Reading Chandran Nair's Consumptionomics was like a breath of fresh air! Nair tackles all the stultifying dogmas of market fundamentalism and shows how the West's peddling of its Washington Consensus policies over the developing world has resulted in a form of globalization that is unsustainable and will lead to further disasters beyond the financial, social and ecological crises it has unleashed.

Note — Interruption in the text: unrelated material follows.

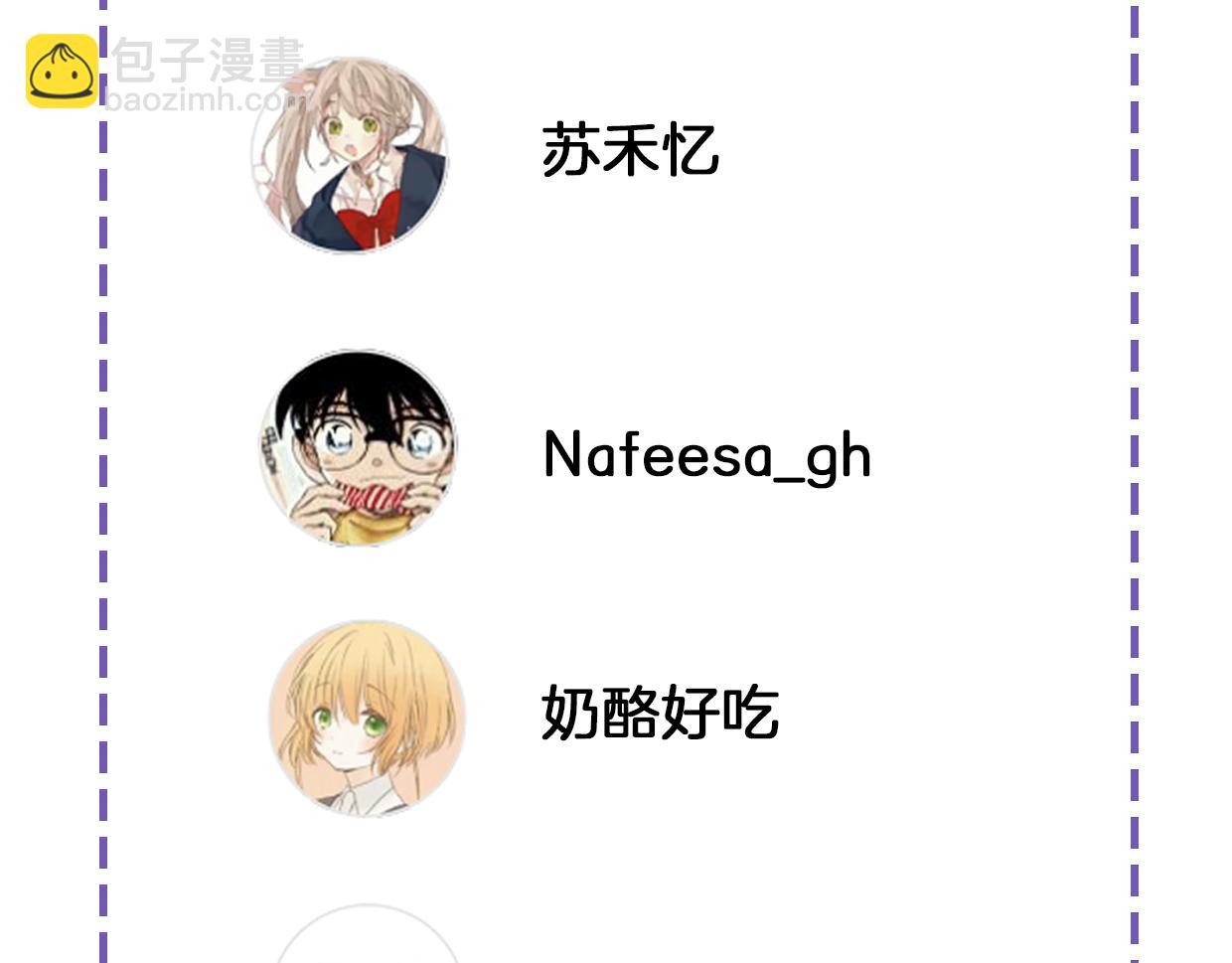 披着狼皮的羊 - 第46話 漂釀小姐姐(2/2) - 4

Nair calls for Asian countries to now break with this broken Western model and move beyond economics to a more scientific basis for its own development path. While acknowledging that "trickle down economics" has brought many out of poverty, Nair asserts that its resource-intensity due to mispricing and "externalizing" of social and environmental costs makes it infeasible and destructive of other values and forms of wealth. This mis-pricing extends to national accounts where GDP also ignores externalities, includes clean-up costs and other defensive expenditures as part of national output (confusing "goods" and "bads") while omitting many forms of national wealth: well-educated workers, efficient infrastructure and productive ecosystems. This has led to mis-pricing of sovereign bonds of Ireland, Greece, Portugal and other EU countries (see "GDP: Grossly Distorted Picture").

I applaud Nair's approach. I have called for a similar reshaping of capitalism toward resource-efficiency and the transition from the fossil-fueled Industrial Era to the cleaner, green, information-rich Solar Age.

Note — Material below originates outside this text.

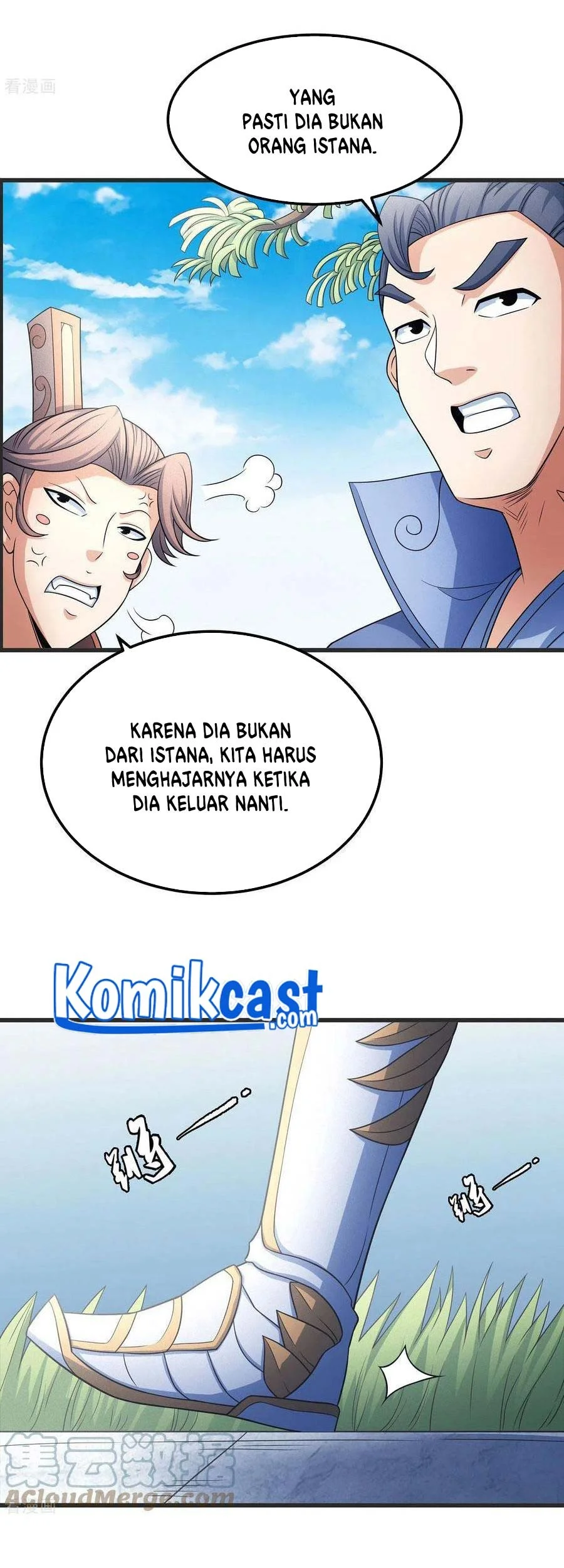 God of Martial Arts Chapter 452 Gambar 12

We have measured private investments in this transition since 2007 at $2 trillion. In my interview with Nair in Hong Kong, I learned that he is a green investor interested in making a positive social impact. He has founded Advantage Ventures. We hope that Nair will join our call for pension funds to shift at least 10% of their assets away from risky hedge funds, dark pools and commodity speculation to direct investments in the green sectors now growing around the world - with Asia in the lead.

I agree with Nair's risk-reduction approach and focusing investment in this transition to a more equitable resource-efficient path to our common future. To this end, Nair calls for stronger, more competent governments. Nair recommends that governments focus on curbing and down-sizing finance to its original purpose and to shift tax policies to proscribe tax waste, pollution and superfluous financial transactions. Nair emphasizes the need to encourage other activities in place of mass consumption, waste, obsolescence, based on capital and resource intensity. He rightly calls for redirecting advertising and marketing toward conservation and new forms of satisfaction.

This book slays many tottering sacred cows: "efficient markets," "rational actors," GDP-growth as well as the Washington Consensus and the dominance of faulty economics over public and private decision-making which ordinary citizens in 12 countries seem to understand (Beyond GDP). Nair might have spent more time exploring the burgeoning socially and environmentally responsible institutional investing models we cover on our site, including the UN Principles of Responsible Investing now comprising over 850 institutional investors with AUM of over $25 trillion.

Nair can also be gratified, as I am, that the Nobel family has now dissociated from the Bank of Sweden Prize in Memory of their ancestor Alfred Nobel as a fraud infringing on the Nobel's intellectual property ("The Cuckoo's Egg in the Nobel Prize Nest"). This alone should release Asian policymakers to go full steam ahead with their own resource-conserving, labor-intensive, green economy plans, as China, Korea, India, Singapore and other countries are pioneering. This book will hopefully spark a wide debate on the future development paths for our common future on this small planet.

Disclosure: I have no positions in any stocks mentioned, and no plans to initiate any positions within the next 72 hours.